What is needed:
Check every line of the data and copy the ones where "Photo" appears.

......

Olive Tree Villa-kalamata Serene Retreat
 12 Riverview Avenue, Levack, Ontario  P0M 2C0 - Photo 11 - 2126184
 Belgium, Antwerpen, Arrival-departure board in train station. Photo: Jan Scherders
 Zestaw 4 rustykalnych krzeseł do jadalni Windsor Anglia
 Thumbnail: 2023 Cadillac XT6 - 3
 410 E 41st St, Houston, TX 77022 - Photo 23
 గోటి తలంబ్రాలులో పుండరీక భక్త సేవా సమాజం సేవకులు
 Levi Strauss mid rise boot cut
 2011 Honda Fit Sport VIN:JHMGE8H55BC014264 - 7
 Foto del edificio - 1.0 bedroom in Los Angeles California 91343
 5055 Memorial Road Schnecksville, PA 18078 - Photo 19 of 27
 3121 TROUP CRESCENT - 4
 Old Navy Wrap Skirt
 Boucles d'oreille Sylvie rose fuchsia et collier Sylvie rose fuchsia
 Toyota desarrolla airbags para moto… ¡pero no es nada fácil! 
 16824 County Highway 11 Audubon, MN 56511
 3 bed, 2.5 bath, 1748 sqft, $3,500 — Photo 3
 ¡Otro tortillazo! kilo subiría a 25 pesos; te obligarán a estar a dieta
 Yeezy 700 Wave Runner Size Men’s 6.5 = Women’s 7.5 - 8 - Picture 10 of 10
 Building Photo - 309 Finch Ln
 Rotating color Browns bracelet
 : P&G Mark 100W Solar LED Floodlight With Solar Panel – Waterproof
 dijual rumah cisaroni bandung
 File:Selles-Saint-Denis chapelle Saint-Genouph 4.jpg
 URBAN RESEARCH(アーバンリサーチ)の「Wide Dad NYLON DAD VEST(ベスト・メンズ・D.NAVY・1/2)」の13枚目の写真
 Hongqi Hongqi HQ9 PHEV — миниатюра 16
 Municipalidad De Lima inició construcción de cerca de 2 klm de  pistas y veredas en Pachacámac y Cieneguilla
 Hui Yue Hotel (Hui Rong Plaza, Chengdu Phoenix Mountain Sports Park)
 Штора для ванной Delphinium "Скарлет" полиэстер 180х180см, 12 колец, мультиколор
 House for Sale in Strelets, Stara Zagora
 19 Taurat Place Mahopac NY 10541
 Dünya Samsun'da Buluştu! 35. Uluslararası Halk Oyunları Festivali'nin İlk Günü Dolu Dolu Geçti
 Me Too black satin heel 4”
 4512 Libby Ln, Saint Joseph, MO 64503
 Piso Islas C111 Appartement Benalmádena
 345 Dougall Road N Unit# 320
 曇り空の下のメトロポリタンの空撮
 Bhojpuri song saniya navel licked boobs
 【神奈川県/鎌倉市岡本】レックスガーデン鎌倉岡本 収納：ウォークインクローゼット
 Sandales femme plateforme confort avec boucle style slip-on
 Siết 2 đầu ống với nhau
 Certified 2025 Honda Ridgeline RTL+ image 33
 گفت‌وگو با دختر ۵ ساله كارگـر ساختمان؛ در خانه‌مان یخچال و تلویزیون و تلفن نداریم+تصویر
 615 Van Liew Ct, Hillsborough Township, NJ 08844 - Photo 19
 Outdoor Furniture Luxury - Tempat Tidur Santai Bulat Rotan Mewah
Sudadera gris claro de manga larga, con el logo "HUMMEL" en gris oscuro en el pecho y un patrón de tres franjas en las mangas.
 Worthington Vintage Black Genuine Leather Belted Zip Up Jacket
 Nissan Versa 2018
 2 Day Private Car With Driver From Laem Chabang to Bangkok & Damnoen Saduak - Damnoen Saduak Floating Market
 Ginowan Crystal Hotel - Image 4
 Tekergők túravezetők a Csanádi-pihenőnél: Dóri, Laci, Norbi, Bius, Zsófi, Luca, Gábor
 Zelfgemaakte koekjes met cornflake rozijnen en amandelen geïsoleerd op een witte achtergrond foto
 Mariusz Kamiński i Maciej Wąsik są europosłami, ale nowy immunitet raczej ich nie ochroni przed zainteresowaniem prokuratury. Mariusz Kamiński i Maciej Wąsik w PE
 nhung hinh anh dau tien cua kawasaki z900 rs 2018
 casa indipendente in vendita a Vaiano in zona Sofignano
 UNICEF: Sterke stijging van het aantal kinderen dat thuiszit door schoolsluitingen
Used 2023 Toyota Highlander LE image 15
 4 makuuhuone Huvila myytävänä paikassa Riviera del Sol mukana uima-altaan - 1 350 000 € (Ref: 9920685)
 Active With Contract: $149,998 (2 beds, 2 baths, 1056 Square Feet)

......

Response to this task:
 12 Riverview Avenue, Levack, Ontario  P0M 2C0 - Photo 11 - 2126184
 Belgium, Antwerpen, Arrival-departure board in train station. Photo: Jan Scherders
 410 E 41st St, Houston, TX 77022 - Photo 23
 5055 Memorial Road Schnecksville, PA 18078 - Photo 19 of 27
 3 bed, 2.5 bath, 1748 sqft, $3,500 — Photo 3
 Building Photo - 309 Finch Ln
 615 Van Liew Ct, Hillsborough Township, NJ 08844 - Photo 19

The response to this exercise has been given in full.